Si, du premier jour où je les ai vus, j’ai admiré sans réserves les dessins à l’encre de Chine de Max Hunziker : simplicité du sujet, noblesse ascétique des personnages, le trait à la fois énergique et nerveux qui esseule chaque silhouette d’un large cerne noir, franc mais tout sensible, jamais empâté, et les harmonies de rêve de tous ces gris : reflets de miroirs, sombres intérieurs, paysages d’éclipse, par contre ses anciens tableaux pêchaient peut-être encore par un certain pittoresque campagnard et un goût un peu facile des formes et des couleurs décoratives.
Les œuvres récemment exposées à la Galerie Pierre sont définitivement sauvées de ces faiblesses. Et c’est presque une gageure, car Max Hunziker, qui est Suisse, choisit comme Ramuz tous ses sujets d’inspiration dans la vie agreste des cantons helvétiques montagnards.
Et le « genre paysan » est particulièrement décevant : il glisse trop souvent à l’anecdote, au chantage sentimental.
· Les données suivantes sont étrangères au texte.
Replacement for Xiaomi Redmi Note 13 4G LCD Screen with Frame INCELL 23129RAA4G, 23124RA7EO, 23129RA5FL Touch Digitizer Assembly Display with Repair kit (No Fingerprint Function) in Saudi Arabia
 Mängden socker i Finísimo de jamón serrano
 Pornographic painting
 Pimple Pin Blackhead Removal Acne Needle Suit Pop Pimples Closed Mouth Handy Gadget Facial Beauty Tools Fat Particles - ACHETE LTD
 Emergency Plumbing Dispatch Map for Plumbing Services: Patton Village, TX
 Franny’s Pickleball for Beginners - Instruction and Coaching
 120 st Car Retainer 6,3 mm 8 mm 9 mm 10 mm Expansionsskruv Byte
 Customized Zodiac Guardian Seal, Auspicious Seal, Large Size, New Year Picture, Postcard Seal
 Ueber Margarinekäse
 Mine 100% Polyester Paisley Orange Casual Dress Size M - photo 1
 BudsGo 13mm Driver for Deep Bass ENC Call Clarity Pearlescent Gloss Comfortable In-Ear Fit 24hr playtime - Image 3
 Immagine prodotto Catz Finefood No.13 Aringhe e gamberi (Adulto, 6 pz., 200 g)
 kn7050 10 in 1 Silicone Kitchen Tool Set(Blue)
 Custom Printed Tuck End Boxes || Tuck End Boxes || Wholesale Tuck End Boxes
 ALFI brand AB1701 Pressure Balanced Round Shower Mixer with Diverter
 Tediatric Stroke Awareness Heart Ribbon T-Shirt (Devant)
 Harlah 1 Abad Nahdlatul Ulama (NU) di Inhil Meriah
Mais ici, à force de simplicité, de refus devant toute facilité pittoresque, une grandeur humaine est atteinte qui dépasse et laisse indifférent tout sujet, simple point de départ.
Les paysages restituent merveilleusement la clarté, la fraîcheur, la pureté, la légèreté, la raréfaction de l’air des cimes dans une lumière de miracle.
Mais le tragique humain et bestial inspire les meilleures réussites de Hunziker. Tantôt dans l’ombre d’une étable où une vache meugle son agonie devant une paysanne éplorée, toutes formes se confondent en un brun à la fois obscur et doré qui évoque l’unité du terroir d’où tout sort, dont tout vit, où tout retourne à la mort.
Tantôt, de sujets aussi différents que le meurtre d’Abel par Caïn, les horreurs de la guerre d’Espagne, ou des taureaux couronnés de comices agricoles, il fait des sortes d’enluminures marquetées comme des vitraux, aux tons simples et violents, et d’une indéniable grandeur dans leur simplicité. Mieux encore, la hantise et l’amour des pays primitifs et des gens simples de son enfance lui donnent la clef du royaume souterrain des mystères qui lient originellement l’homme à la terre et aux éléments. Avec un réalisme fantastique, il ressuscite les mythes primordiaux des vieux rites païens.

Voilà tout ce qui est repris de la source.